Many of our clients that use the “Finance Charge/Interest”  feature in Timeslips have found it confusing. We have been asked for advice about Timeslips interest calculations on several occasions.  It took me a while to completely understand how it works myself, so I figured it was a good topic to discuss in this space.  The new and improved Billing Assistant in Timeslips 2010 gives a much clearer breakdown of how interest charges are calculated, but I will attempt to clarify it a little further.   

First let’s look at the initial interest setup.  Interest is configured for each client on the Arrangement 2 page, where there are five fields that relate to interest:

Annual Interest Rate.  This is typically set to 18%, which equates to 1.5% per month or .049315% per day.  Despite the fact that you are choosing an annual interest rate here, interest is actually calculated by the day.  This is an important point to remember. 

Type of Interest.  You can choose Simple or Compound.  Simple means that interest is only charged on the original invoice amount.  Compound means that interest is charged on the interest.  Once this is set and an invoice is generated, it cannot be changed for that invoice. 

Charge Interest At.  The choices here are determined by how you’ve configured your aging periods.  Typically this will be 30, 60, 90 and 120 (in days).   Interest will begin calculating after the number of days you select here. 

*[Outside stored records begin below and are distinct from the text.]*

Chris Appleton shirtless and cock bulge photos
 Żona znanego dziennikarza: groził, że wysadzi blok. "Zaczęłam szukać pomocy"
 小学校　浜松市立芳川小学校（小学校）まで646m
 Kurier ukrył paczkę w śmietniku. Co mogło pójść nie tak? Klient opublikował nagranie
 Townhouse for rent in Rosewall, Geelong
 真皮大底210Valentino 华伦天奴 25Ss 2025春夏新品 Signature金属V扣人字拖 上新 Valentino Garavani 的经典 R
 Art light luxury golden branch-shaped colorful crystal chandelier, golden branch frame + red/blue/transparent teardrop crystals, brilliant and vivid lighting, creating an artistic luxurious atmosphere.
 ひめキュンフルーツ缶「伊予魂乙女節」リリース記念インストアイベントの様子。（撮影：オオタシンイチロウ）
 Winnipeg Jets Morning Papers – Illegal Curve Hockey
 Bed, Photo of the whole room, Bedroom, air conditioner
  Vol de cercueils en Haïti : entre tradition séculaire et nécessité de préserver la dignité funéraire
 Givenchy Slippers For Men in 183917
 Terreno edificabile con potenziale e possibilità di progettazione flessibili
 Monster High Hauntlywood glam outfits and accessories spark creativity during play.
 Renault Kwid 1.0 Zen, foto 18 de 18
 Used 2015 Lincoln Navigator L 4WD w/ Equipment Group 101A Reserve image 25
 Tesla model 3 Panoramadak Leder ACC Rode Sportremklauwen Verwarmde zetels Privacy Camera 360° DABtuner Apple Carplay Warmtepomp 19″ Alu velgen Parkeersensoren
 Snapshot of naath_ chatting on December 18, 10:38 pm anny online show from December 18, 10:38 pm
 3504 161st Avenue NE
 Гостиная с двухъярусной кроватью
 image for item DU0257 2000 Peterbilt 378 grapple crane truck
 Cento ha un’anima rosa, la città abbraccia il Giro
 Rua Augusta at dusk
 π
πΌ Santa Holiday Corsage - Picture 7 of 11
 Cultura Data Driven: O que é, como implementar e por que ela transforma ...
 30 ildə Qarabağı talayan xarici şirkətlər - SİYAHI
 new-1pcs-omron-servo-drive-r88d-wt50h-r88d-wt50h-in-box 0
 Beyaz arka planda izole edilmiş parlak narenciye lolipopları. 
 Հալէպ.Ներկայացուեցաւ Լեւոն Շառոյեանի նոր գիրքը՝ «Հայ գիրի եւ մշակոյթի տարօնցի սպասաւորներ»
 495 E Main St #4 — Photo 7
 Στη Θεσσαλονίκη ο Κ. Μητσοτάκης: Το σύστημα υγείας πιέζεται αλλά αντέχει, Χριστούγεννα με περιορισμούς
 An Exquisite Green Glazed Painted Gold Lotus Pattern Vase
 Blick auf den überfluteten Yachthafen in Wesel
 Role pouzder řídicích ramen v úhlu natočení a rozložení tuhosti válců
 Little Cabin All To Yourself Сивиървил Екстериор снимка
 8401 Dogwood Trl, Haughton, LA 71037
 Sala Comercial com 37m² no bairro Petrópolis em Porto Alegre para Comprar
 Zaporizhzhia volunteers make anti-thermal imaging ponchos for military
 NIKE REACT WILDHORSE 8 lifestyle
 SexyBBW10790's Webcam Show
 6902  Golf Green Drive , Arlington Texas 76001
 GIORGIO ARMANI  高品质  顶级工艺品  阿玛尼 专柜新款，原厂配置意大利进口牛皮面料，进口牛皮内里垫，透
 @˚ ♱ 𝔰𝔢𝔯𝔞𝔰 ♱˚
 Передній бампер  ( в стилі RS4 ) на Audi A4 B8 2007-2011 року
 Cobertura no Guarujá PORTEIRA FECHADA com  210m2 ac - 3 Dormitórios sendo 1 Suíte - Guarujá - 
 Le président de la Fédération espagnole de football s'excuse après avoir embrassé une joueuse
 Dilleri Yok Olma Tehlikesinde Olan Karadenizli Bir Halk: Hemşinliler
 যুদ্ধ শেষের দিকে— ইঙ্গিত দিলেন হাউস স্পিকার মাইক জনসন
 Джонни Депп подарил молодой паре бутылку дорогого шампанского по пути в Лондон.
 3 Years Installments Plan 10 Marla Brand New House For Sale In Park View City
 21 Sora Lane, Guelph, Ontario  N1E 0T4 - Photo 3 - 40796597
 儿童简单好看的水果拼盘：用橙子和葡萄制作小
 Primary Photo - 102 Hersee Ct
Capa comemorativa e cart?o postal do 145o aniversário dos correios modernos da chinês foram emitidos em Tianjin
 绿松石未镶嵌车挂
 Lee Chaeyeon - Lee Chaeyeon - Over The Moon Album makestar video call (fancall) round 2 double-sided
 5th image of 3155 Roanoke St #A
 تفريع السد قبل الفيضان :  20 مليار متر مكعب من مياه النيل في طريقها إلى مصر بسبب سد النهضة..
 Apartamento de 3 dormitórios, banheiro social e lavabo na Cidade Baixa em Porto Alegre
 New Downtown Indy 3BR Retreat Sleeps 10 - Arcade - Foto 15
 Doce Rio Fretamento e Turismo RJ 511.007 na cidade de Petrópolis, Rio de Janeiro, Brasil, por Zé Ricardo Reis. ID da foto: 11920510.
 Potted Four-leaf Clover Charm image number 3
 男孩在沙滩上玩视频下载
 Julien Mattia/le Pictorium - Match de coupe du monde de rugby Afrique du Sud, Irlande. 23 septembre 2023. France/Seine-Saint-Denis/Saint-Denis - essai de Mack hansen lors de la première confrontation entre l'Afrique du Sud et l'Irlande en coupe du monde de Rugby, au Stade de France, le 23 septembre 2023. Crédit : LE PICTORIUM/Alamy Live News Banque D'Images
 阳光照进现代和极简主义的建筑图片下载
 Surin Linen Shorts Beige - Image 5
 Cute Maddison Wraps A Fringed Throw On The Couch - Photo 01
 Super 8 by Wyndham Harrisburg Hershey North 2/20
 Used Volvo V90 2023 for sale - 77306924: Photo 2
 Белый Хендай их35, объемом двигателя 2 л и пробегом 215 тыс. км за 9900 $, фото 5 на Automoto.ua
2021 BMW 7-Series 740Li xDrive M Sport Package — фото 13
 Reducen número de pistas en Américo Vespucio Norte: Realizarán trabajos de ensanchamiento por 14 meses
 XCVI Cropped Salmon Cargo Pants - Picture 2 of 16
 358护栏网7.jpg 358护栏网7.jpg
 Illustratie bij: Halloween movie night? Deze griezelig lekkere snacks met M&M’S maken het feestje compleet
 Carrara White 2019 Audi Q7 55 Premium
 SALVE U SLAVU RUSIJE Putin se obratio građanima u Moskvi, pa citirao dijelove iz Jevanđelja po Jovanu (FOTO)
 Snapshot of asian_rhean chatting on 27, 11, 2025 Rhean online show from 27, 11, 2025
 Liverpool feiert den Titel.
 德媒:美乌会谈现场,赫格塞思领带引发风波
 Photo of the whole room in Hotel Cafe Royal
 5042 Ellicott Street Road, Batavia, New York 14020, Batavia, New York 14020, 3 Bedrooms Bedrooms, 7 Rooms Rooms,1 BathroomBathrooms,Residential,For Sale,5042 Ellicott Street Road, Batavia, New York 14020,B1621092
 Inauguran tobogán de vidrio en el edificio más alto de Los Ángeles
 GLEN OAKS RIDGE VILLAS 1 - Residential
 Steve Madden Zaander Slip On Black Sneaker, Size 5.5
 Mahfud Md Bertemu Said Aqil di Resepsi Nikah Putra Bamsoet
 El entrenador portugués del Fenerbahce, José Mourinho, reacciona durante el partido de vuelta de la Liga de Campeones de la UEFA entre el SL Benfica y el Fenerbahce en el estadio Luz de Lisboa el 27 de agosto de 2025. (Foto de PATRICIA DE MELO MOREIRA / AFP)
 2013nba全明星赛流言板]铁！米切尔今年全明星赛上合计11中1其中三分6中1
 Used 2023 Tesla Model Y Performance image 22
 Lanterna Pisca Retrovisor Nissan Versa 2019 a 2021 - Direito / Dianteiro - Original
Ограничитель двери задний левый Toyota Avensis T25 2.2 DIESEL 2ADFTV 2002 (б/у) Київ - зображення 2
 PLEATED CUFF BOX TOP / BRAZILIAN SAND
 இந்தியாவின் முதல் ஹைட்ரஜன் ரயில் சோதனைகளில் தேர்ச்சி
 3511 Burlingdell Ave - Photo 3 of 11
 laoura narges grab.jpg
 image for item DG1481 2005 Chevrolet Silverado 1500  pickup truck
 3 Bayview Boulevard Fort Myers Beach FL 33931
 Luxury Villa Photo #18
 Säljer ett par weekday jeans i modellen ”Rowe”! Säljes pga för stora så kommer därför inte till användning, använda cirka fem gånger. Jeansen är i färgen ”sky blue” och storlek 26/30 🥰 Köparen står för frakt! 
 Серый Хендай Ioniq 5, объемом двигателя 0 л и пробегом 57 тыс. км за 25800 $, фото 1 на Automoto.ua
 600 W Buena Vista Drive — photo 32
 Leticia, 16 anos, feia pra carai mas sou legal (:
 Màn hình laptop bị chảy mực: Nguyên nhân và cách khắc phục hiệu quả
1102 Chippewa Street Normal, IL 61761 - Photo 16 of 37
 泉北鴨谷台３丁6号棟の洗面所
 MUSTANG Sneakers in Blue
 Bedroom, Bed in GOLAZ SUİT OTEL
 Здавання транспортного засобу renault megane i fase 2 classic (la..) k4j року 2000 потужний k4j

Grace Period.  This tends to be the most confusing field.  The choices on the dropdown menu are also determined by how you’ve configured your aging periods, but here you can type in a value that’s not on the list.  This number represents how many days NOT to charge interest for.  For example, let’s say you generated a bill on 9/30 and have interest set to charge at 30 days.  A month has gone by and the client has not paid, and now it’s time to generate the October bills on 10/31.  31 days have gone by since the first bill went out on 9/30.  If you have set the grace period to 0, 31 days worth of interest will be charged.  If you set a grace period of 5 days, only 26 days of interest would be charged.  If you set a grace period of 30 days, only one day of interest would be charged.  If you look at the Days Due/Days Per Year calculation in the Billing Assistant you will see that the grace period essentially moves the original invoice date later by the specified number of days.  In this example, with the grace period set to 5 days, it shows the original invoice date as 10/5, even though the bill was actually created on 9/30. 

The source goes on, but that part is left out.